SBI Japannext, an alternative trading system for Japanese equities, has called for changes to margin trading rules to encourage growth on its platforms and has implemented improvements to its trading infrastructure.
While SBI Japannext, known in Japan as a proprietary trading system, has experienced impressive volumes growth in recent months – including a daily record of ¥121.5 billion in equity turnover on 6 February – the venue’s market share has not grown in synch.
According to Japannext, the problem lies with the inability of PTSs to offer margin trading.

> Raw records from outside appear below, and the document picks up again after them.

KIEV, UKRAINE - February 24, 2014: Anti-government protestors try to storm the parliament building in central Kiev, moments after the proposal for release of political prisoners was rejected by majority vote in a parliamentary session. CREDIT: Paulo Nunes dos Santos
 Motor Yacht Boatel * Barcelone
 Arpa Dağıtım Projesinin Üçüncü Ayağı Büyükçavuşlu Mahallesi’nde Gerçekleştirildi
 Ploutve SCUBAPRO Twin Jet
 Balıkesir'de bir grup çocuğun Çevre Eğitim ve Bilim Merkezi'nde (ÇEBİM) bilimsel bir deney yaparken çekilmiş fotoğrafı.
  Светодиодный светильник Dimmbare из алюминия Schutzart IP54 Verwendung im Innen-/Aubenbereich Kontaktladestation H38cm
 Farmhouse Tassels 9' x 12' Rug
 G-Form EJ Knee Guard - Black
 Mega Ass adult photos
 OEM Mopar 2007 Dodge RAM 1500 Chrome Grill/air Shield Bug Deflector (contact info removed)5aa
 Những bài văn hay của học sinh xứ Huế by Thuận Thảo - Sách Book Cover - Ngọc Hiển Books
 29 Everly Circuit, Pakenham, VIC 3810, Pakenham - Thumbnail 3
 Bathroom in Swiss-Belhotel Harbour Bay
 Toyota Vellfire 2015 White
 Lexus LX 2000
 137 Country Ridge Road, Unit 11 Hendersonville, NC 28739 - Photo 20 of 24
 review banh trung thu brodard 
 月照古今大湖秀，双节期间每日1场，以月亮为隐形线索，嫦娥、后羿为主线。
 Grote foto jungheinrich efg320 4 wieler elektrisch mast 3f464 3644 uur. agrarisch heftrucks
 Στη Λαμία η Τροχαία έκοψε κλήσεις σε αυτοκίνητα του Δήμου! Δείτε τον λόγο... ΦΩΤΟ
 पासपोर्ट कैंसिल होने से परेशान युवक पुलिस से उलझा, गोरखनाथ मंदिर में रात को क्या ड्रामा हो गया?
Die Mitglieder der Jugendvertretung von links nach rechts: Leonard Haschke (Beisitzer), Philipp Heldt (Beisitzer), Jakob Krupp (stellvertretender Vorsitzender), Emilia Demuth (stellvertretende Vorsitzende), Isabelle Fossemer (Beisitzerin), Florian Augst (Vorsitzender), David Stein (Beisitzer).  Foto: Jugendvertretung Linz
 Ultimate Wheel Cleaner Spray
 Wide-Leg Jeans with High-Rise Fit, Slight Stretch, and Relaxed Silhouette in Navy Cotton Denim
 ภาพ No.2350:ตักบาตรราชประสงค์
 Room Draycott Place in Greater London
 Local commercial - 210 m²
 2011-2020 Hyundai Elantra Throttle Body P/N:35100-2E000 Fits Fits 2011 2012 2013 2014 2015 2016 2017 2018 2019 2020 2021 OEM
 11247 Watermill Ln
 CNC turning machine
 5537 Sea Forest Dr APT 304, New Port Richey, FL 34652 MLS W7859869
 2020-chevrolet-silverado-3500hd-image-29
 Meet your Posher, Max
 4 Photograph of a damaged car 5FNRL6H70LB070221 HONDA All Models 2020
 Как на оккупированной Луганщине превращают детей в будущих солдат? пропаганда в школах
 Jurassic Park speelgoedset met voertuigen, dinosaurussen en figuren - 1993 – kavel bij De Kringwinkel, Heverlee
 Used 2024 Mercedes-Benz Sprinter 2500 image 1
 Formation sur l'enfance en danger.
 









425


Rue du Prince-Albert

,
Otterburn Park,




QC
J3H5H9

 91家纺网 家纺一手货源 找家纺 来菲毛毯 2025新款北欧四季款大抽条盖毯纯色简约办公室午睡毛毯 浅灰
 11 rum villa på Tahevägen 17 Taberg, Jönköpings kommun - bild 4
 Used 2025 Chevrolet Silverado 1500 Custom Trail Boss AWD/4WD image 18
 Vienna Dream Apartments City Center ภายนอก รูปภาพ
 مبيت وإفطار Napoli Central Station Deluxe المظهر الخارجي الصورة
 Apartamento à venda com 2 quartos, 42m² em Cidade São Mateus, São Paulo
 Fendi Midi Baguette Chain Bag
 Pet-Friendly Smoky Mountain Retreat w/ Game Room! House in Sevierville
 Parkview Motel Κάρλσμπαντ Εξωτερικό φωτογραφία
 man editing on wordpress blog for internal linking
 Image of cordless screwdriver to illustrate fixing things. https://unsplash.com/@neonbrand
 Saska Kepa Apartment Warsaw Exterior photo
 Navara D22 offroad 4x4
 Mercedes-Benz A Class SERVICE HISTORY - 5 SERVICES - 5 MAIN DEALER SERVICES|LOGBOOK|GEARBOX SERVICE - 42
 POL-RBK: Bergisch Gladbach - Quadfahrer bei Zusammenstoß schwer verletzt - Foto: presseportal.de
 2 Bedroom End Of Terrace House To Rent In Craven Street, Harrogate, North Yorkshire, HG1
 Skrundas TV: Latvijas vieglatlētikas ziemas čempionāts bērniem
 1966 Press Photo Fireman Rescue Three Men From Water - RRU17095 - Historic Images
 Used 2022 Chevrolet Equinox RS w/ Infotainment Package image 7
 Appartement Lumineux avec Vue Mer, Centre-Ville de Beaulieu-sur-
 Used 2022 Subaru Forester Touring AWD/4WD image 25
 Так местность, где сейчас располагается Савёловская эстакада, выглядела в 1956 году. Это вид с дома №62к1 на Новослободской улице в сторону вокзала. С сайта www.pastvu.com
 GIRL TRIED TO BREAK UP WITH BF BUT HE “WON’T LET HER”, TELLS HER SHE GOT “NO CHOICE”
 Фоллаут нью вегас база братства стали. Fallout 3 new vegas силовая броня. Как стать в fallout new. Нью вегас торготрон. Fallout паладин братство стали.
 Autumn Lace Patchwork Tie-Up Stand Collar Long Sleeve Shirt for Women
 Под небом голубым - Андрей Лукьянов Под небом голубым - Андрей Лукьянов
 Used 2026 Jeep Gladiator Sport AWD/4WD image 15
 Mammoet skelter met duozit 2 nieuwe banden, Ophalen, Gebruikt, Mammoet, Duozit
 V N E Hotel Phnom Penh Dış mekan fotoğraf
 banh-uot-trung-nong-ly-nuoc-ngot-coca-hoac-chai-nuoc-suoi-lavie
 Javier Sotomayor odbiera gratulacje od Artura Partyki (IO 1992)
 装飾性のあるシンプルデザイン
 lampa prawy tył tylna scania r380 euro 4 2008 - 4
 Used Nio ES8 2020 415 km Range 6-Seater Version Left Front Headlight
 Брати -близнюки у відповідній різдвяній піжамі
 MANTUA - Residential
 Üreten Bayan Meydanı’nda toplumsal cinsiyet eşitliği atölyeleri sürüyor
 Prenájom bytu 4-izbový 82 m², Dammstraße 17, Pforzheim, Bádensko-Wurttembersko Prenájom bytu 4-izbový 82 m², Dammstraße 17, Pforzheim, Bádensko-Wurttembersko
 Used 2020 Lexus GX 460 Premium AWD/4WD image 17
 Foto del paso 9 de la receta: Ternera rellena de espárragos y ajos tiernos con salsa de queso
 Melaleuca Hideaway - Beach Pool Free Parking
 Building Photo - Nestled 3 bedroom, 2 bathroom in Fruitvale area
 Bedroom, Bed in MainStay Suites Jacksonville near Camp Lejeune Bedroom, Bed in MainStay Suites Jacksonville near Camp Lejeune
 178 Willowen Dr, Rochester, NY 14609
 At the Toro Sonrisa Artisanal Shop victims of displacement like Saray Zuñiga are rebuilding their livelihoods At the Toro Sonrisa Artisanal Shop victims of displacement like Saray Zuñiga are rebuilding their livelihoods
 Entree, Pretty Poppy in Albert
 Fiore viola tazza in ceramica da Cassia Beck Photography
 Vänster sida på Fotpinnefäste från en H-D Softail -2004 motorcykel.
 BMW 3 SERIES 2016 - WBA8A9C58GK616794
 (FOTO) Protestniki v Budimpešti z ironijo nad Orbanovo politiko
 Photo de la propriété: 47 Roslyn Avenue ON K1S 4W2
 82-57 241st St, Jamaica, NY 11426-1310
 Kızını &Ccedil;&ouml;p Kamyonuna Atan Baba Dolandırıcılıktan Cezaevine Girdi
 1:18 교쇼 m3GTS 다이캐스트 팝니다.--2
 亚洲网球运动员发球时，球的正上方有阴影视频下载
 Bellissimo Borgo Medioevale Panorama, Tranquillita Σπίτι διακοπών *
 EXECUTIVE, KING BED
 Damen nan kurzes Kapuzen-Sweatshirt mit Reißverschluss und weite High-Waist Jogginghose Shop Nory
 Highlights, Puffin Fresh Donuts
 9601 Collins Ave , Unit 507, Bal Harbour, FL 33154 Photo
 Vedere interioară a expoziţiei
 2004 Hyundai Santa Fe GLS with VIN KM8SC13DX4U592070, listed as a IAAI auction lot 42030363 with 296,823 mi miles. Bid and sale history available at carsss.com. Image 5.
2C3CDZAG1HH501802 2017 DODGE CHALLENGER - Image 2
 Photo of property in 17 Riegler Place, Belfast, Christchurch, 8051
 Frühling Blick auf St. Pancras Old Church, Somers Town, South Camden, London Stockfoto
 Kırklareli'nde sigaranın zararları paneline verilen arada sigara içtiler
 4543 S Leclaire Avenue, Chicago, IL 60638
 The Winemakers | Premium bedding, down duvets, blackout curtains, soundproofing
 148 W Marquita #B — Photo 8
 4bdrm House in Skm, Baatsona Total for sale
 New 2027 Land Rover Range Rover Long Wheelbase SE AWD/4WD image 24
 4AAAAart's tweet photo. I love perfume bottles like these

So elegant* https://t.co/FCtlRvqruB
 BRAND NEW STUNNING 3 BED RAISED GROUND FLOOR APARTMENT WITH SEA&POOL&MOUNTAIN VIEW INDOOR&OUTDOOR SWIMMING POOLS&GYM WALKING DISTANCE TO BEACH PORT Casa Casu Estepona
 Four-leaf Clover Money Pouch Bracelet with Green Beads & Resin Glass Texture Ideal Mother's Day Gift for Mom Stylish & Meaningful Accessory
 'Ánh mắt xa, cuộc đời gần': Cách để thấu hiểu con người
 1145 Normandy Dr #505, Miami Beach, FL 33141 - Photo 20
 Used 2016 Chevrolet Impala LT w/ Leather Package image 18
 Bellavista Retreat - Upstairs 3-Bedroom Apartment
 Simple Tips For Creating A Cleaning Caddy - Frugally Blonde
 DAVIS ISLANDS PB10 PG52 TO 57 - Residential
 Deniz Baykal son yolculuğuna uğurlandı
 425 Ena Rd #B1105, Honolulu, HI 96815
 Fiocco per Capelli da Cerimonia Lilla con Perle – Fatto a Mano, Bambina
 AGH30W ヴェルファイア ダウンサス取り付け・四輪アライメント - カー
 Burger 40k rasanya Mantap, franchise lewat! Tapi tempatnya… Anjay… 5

The PTS said that while its sister company SBI Securities controls around 40% of all Japanese retail flow and is plugged into Japannext, 60% of this flow is traded on margin, and therefore inaccessible by the venue.
SBI Japannext will lobby regulators to lift restrictions on margin trading for PTSs to create a more level playing field among Japanese markets.
“Given our PTS has absolutely no access to 60% of Japan Exchange’s retail flow (approximately ¥288 billion), we firmly believe this factor has a negative impact on our market share,” read a statement from SBI Japannext.
But the PTS added that despite an unfavourable market share trend, it is receiving greater participation among market participants, for example through the inclusion of its data in Bloomberg’s JP Composite index from 4 March.
This will enable Bloomberg users to include Japannext trades as part of market analyses.
Moreover, the trading venue will migrate to Nasdaq OMX’s OUCH protocol, having installed the US exchange operator’s X-Stream INET trading platform last September. The new connectivity protocol will reduce latency to 50 microseconds from 400 microseconds, offering virtually unlimited daily transaction processing capabilities and increasing the maximum messaging process rate to 40,000 message per second per port.